There is quite a lot of excitement and nervousness around the ANC Youth League march into Sandton this morning. I made a bit of a snarky tweet about the JSE offering popcorn to the marchers when they arrive which got some debate going, but on a more a serious note here are some of my thoughts:
First up – and I said it in my editor’s note in this week’s edition of Finweek – economic transformation has not happened fair enough or fast enough. There are some very real gripes that the Youth League are highlighting and as a country we need to stop waltzing around these issues.
Having said that, there comes a responsibility around these protests which I think need to be considered. It is an old line but are you part of the problem or part of the solution?
We can ask the obvious questions about whether the marchers have a desire to build businesses, are using tax payer money for what it was intended (National Youth Development Agency and ANCYL take note) and whether people are spending time investing in their own personal education and development.

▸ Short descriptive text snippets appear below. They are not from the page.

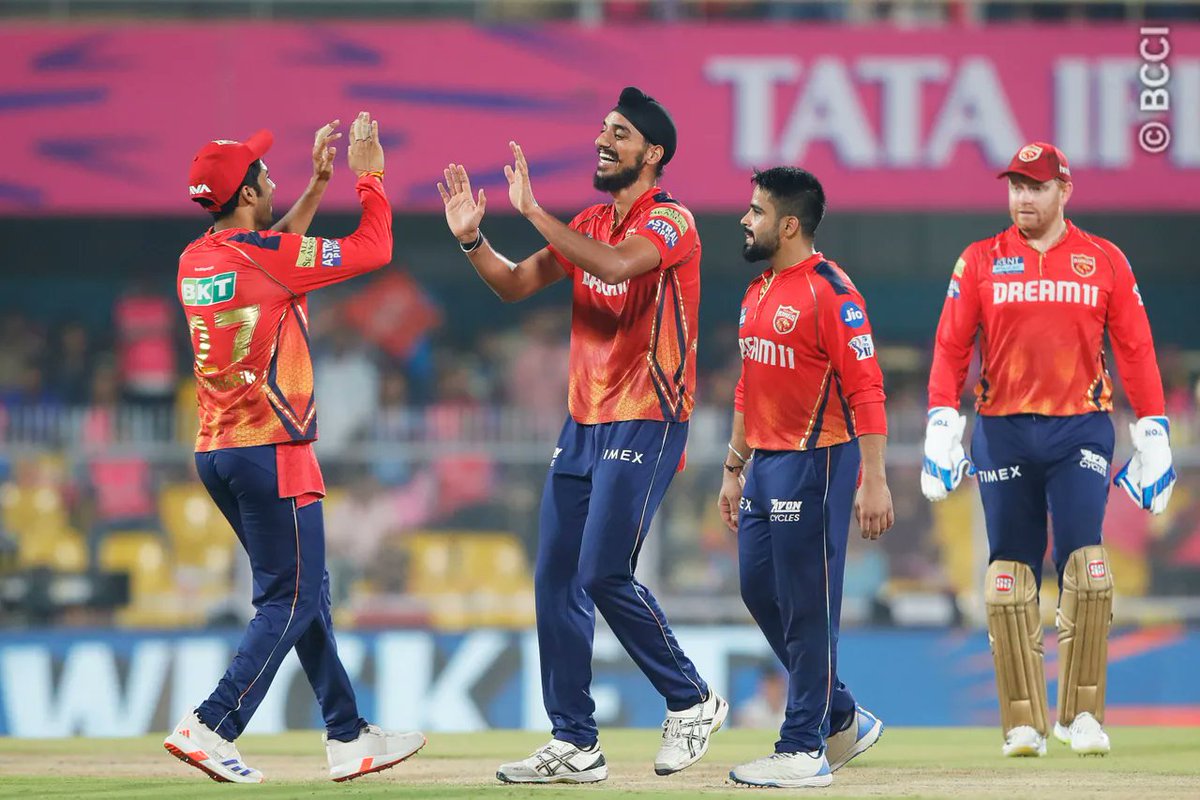 Rajasthan Royals slump to their fourth defeat on the trot as Punjab Kings triumph by 5 wickets. RR, who have already qualified for the playoffs, stay in second place with 16 points from 13 matches while PBKS, out of a playoff contention, get to ninth with 10 points. RR 144/9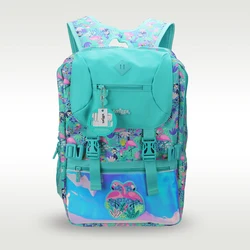 Australia Smiggle hot-selling original girl backpack student classic schoolbag cute flame bird large-capacity schoolbag 18 inch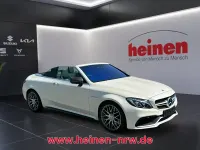 Gebraucht Mercedes C63 AMG AMG 476 PS (350 kW) 2017 Weiß Cabrio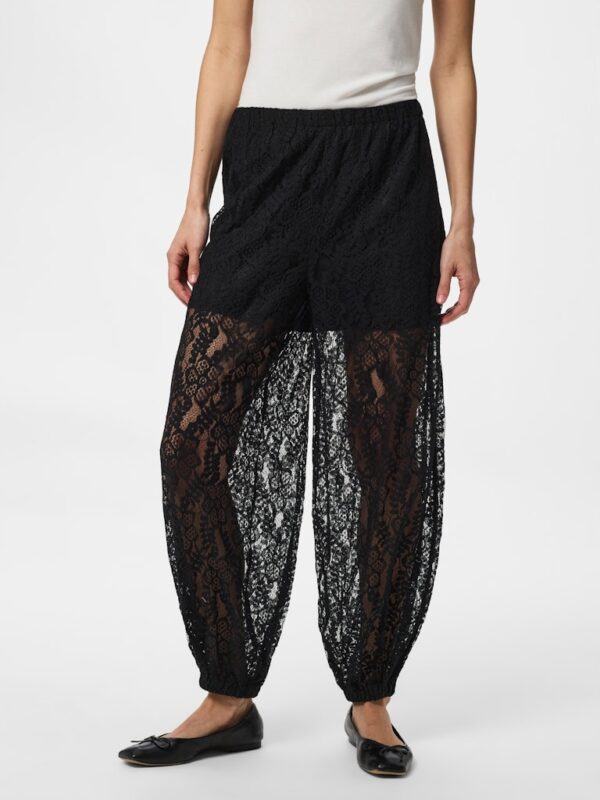 PCALINE HW BALLOON LACE PANTS WVN D2D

However it comes back to a point raised by Finance Minister Pravin Gordhan earlier in the week – if you don’t make the right noises for the international investment community there is not going to be foreign investment and the associated job creation.

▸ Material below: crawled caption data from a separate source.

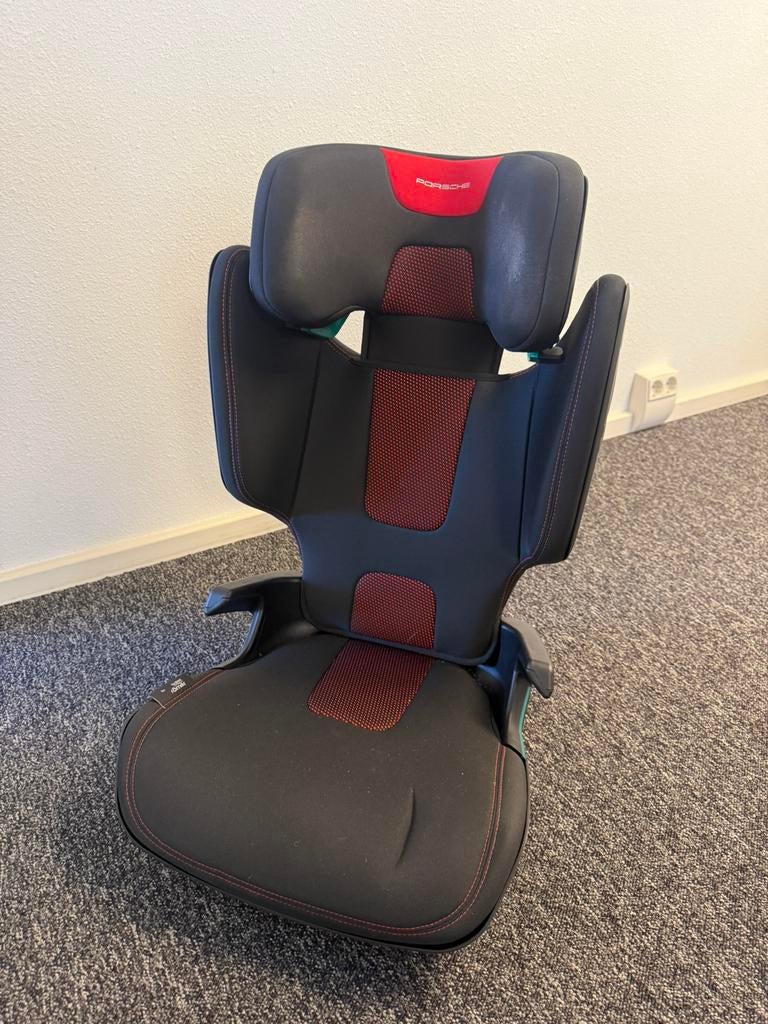 Porsche ifix autostoel, 15 t/m 36 kg, Zo goed als nieuw, Isofix, Ophalen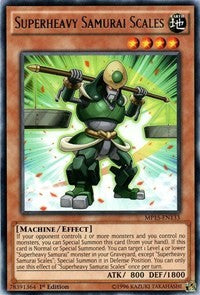 Superheavy Samurai Scales [MP15-EN133] Rare | Good Games Morley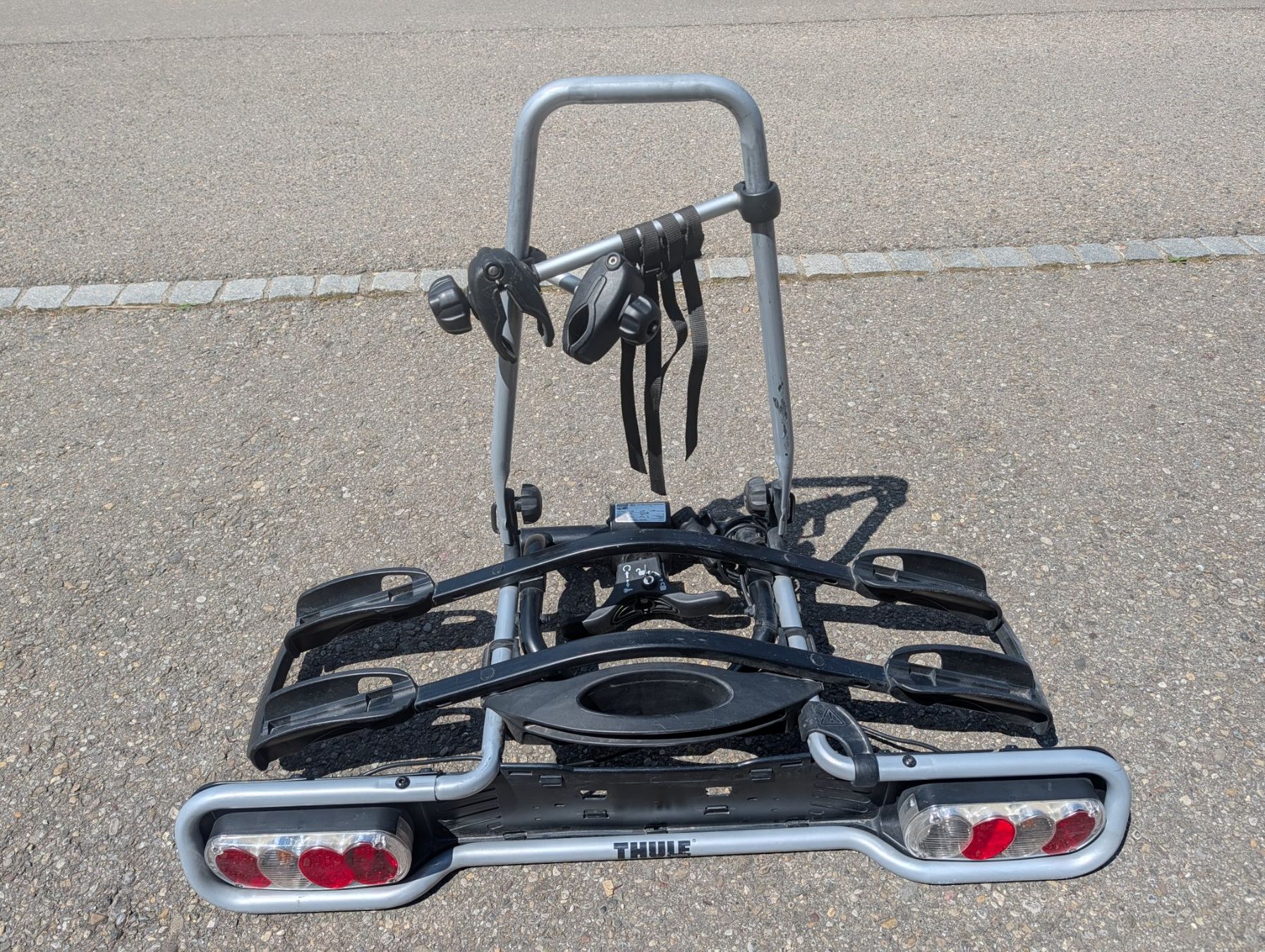 Balken: Fahrradträger Thule EuroRide 940 – Gebraucht aus Ganterschwil von ricorogsch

It is one thing when the minister says something but it helps to try and bring it back to individuals to make a point.
Last night I was receiving phone calls from banks and other business operators in Sandton asking whether or not they should let their staff come to work today. Many had already taken the decision that staff should work from home (yeah right) for “safety” reasons.
Considering that many of those businesses are already under intense pressure from shareholders to deliver investment returns and they’re effectively writing off another day of productivity and probably another one tomorrow as we gossip about the “aftermath”, what is the cumulative impact at the end of the financial year when people need to make calls on budgets and headcounts?
How many people are not going to make a decision to work or spend today because they want to wait and see what happens with this march?
Ironically this march is probably going to have the opposite impact to what they claim to want to achieve.
If Julius and the ANCYL really wanted to make a statement then they would have brought the brightest minds in the organisation – and there are plenty there – and met Nicky Newton-King and the JSE exco on the steps of the exchange and committed to tackling the problem. They could have made a commitment that in the next decade they want to build five businesses which employ 50 000 people and in turn the JSE would be expected to go out of their way to help these businesses raise capital (local and foreign), list them and ensure a decade of genuine wealth creation for these 50 000 people.
Just a thought. Use it, don’t use it.